When you reach the line containing "Men's Walkmaster Chukka Boot in Black" in the entries below, begin reproducing lines exactly, and stop once the line containing "Photo 2 of Condo" is done.

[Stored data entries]
··········
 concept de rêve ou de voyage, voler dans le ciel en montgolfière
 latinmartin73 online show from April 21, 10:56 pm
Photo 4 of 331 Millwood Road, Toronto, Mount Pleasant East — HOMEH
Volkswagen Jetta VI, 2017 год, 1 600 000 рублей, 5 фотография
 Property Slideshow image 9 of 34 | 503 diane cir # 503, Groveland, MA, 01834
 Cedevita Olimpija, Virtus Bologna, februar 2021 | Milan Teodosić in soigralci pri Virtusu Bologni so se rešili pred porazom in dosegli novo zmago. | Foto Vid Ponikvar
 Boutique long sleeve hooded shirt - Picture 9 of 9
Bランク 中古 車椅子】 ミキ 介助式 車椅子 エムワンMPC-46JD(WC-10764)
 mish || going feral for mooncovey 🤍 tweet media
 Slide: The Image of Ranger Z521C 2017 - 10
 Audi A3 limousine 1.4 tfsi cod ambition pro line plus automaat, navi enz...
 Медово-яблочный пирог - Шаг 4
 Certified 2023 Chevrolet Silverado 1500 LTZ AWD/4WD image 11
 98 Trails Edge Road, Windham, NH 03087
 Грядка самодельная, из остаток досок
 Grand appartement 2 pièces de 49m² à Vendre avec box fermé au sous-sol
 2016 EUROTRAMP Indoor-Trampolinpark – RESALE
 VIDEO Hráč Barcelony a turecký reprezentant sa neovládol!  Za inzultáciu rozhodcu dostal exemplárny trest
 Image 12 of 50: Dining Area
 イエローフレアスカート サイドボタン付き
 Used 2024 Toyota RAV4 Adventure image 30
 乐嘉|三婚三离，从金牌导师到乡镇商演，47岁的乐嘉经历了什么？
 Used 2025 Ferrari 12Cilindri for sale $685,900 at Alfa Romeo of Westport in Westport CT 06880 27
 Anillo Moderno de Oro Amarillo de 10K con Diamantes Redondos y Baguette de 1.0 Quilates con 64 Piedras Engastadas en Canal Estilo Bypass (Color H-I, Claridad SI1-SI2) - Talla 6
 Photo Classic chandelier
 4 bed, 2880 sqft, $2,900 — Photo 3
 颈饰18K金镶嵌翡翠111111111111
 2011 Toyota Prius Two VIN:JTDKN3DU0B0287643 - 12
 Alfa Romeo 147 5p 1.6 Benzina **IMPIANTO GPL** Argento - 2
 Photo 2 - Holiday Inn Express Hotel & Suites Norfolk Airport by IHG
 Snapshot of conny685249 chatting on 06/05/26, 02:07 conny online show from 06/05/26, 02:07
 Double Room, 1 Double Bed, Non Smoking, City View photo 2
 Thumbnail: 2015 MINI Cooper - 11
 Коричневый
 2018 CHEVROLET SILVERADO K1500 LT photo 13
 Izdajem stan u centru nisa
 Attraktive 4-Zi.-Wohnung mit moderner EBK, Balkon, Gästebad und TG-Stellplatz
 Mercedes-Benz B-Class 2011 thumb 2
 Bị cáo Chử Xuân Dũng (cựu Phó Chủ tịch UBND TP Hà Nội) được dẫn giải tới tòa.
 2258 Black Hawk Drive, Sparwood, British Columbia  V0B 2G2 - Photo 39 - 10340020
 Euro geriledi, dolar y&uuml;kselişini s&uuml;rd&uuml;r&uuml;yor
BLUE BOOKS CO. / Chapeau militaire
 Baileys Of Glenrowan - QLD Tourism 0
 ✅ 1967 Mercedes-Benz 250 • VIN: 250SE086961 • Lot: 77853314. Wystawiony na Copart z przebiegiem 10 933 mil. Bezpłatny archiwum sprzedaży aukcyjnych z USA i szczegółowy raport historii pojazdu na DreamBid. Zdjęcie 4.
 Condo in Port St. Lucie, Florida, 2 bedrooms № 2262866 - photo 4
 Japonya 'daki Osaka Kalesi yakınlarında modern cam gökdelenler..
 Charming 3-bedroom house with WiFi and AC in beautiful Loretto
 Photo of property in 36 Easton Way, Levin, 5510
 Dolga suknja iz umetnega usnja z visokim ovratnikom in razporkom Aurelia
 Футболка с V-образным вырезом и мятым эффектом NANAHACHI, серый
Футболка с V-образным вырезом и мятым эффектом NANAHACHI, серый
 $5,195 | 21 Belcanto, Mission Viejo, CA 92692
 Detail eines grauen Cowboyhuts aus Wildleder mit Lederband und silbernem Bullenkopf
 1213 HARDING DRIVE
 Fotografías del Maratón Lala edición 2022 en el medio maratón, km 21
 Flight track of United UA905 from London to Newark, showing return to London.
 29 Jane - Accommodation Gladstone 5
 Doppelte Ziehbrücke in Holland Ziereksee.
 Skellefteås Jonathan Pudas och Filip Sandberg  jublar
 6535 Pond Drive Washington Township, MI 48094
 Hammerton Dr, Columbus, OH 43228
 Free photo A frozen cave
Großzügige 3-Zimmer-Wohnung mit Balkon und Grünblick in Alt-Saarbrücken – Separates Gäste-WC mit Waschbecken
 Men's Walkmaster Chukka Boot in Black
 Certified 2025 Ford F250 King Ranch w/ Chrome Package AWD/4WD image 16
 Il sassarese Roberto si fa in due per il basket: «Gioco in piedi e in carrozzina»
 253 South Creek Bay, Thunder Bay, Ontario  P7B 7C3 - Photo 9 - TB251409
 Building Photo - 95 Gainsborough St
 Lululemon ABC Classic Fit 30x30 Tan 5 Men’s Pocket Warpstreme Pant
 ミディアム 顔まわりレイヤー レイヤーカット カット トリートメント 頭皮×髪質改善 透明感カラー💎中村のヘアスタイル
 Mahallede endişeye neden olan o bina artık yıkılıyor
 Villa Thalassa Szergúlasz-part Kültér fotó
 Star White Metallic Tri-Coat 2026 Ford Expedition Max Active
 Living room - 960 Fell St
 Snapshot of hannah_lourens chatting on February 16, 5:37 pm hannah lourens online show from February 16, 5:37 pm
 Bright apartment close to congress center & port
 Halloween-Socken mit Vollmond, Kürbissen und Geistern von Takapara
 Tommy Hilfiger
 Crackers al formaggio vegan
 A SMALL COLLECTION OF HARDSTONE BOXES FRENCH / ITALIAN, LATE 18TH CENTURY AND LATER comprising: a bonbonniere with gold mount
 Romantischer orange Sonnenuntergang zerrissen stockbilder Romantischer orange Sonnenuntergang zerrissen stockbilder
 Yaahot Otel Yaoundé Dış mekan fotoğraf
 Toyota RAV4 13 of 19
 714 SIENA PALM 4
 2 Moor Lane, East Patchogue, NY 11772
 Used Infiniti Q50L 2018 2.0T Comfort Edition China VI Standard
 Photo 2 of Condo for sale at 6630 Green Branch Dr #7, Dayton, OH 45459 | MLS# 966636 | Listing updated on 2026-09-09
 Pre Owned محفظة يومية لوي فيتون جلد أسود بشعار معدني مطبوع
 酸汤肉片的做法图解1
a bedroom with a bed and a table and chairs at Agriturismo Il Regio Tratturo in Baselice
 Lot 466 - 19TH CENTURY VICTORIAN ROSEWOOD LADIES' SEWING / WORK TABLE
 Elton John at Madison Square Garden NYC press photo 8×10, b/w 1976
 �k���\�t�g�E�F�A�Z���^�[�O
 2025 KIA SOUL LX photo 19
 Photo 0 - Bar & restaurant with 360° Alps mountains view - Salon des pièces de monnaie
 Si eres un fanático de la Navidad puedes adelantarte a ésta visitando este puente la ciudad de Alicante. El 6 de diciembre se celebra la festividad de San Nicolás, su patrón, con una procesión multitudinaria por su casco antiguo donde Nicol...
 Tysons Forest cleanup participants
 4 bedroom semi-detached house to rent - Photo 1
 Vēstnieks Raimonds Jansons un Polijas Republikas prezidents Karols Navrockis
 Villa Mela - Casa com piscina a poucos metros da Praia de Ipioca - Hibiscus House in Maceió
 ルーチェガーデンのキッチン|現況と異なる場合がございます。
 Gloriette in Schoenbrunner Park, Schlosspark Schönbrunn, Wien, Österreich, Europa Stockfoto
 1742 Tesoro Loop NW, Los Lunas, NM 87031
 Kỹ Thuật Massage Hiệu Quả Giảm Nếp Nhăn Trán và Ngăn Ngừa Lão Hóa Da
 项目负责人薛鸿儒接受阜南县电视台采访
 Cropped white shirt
··········
▸ **Answer box**
 Men's Walkmaster Chukka Boot in Black
 Certified 2025 Ford F250 King Ranch w/ Chrome Package AWD/4WD image 16
 Il sassarese Roberto si fa in due per il basket: «Gioco in piedi e in carrozzina»
 253 South Creek Bay, Thunder Bay, Ontario  P7B 7C3 - Photo 9 - TB251409
 Building Photo - 95 Gainsborough St
 Lululemon ABC Classic Fit 30x30 Tan 5 Men’s Pocket Warpstreme Pant
 ミディアム 顔まわりレイヤー レイヤーカット カット トリートメント 頭皮×髪質改善 透明感カラー💎中村のヘアスタイル
 Mahallede endişeye neden olan o bina artık yıkılıyor
 Villa Thalassa Szergúlasz-part Kültér fotó
 Star White Metallic Tri-Coat 2026 Ford Expedition Max Active
 Living room - 960 Fell St
 Snapshot of hannah_lourens chatting on February 16, 5:37 pm hannah lourens online show from February 16, 5:37 pm
 Bright apartment close to congress center & port
 Halloween-Socken mit Vollmond, Kürbissen und Geistern von Takapara
 Tommy Hilfiger
 Crackers al formaggio vegan
 A SMALL COLLECTION OF HARDSTONE BOXES FRENCH / ITALIAN, LATE 18TH CENTURY AND LATER comprising: a bonbonniere with gold mount
 Romantischer orange Sonnenuntergang zerrissen stockbilder Romantischer orange Sonnenuntergang zerrissen stockbilder
 Yaahot Otel Yaoundé Dış mekan fotoğraf
 Toyota RAV4 13 of 19
 714 SIENA PALM 4
 2 Moor Lane, East Patchogue, NY 11772
 Used Infiniti Q50L 2018 2.0T Comfort Edition China VI Standard
 Photo 2 of Condo for sale at 6630 Green Branch Dr #7, Dayton, OH 45459 | MLS# 966636 | Listing updated on 2026-09-09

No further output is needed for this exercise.